Unfortunately many people don’t even know one of those seven basic facts on red-green color blindness. This often causes a lot of confusion and many misunderstandings related to this term.
Often confused colors
The following little story happened to me a few years back. I am suffering from a strong red-blindness, so this is really a true story:
I was standing on a balcony with a few friends on the fourth floor, looking into the grass fields down below us. After a while one of my friends asked, why the fire hydrant is standing in the middle of the field with no path close to it.
I looked down and asked: “Which fire hydrant?” — Silence — Laughter.
“Can’t you see that orange fire hydrant in the middle of the field? It stands out so obviously with its orange color!”
I couldn’t see it. Only after a while, scanning the field for a fire hydrant, I found it. But not because of its color but of its structure.
This story is very typical as orange and green are some of the big problem colors for red-green color blind people. But not only those colors are mixed up. Colors from the whole color spectrum can cause problems in terms of not being able to distinguish them if you are color blind.
The table on the left shows five example color pairs of confusion. As severity and type of color blindness can be very different, such color pairs are quite individual. I have chosen some colors in the color spectrum which I—as a strongly red-blind guy—can not distinguish.
As you can see, not only the base colors red and green cause problems. It is the mixture of the red part in the colors which makes colors indistinguishable for my eyes.
Remark: Moving in front of the computer screen or flipping the display fore- and backward can change the color perception a lot. Also if you print them out colors are perceived quite differently, specially from colorblind people.
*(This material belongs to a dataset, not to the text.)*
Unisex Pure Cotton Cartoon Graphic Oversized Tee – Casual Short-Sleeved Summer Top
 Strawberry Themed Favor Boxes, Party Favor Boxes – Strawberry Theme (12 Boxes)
You know by now that red-green color blindness is actually just a generic term for any form of protan (red-blind) and deutan (green-blind) color vision deficiency. But what is the difference between those two or why are they often put together into the same pot?
Let us first have a look at the things those two different main types of color blindness have in common:
The main axis of colors of confusion is the same and so both types have the same main problem colors: red, orange, yellow, green, brown.
The genetic information is located at almost the same place on the X chromosome. Trichromatic vision developed much later in evolution while splitting the previous information of a single channel on red-yellow-green into those two different cone encodings.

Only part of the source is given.